My school mornings were fraught with panic that I would be late, which I inevitably was. I’d be hauled up in front of the school and “made an example of”. It didn’t matter that I tried to get my mother’s breakfast ready early, pack the car for her and turn on the engine to warm it up. The fact that I didn’t drag her into the car at gunpoint and force her to leave made me a weak and spineless child. As a result (combined with the inevitable horror of swimming lessons) as I watched the clock tick later and later I’d end up throwing up all over her car. I am damned if my children will suffer the same.
Small girl aged 5 has a new teacher. She doesn’t look old enough to drive let alone vote. How weirdly ageist and judgemental I have become. Still, I hope that under those blond bangs and innocent demeanour is a spine of steel. My daughter can sniff out weakness and exploit it in a fraction of a second. She already tried the crocodile tears yesterday and I saw her watching keenly under her lashes to ascertain the reaction. The teacher seems very sweet and hails for Durban. Small girl’s father spent a happy few minutes this morning trying to get her to say “Fush”. He arrived back home energised from the encounter.
Small boy aged 9 didn’t tell anyone about his motorbike because he didn’t think anyone would believe him. Small boy aged 6 seemed to be the only one who took everything in his stride. Thank god for small mercies. The upshot is I arrived home last night exhausted from day 2 at work to find Small girl tearstained and distraught, her oldest brother lying in the bath like a beached whale drowning himself in sulks and small boy aged 6 watching TV in an exhausted state of near coma. Small boy aged 9 had a migraine, my unfortunate legacy, and once happily drugged into sleep took over my kingsize bed. Coupled with books that have to covered (necessitating a trip to Carlos at the Spar for plastic wrap), school lunches and bag packing I ended up dreaming about school all night long.

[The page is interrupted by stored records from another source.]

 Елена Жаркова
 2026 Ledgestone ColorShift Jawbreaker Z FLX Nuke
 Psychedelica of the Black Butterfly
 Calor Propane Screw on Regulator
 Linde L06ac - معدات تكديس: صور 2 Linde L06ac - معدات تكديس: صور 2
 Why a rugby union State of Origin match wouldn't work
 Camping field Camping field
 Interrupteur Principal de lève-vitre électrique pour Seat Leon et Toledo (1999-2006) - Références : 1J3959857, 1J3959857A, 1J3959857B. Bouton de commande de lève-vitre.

The sound of the alarm going off in the darkness this morning did not fill me with sweet joy. I took a page from Small girl aged 5’s book and batted my eyelashes at her father who kindly did the school run so I could collapse back into my own bed for one more blessed hour’s sleep. I did achieve one thing yesterday in terms of maternal duty. Small girl aged 5 informed me that she has no desire to follow in my footsteps and go to Roedean, but rather she wants to go with her best friend to Auckland Park Primary. I duly went over and completed an application form that will no doubt go nowhere. The fact that the action was largely futile is irrelevant, at least I can tell her I tried.
My colleague is currently cutting out about two hundred Minnie Mouse’s for her niece’s 1st birthday as well as creating 50 odd colouring in books. The birthday is about 3 weeks time. My son’s birthday was last week and I have yet to even harbour thoughts about the party, which has morphed into an afternoon with some pals riding his bike. Yippee. I can handle that.
Damnation, my boss has given me the evil eye about time sheets again. I guess it time to fire up those creative juices and get imaginative.
Yay! Auckland Park Primary just called to offer Small girl an assessment! Is her happiness worth an extra 45 minute commute? Maybe the boys can take the bus.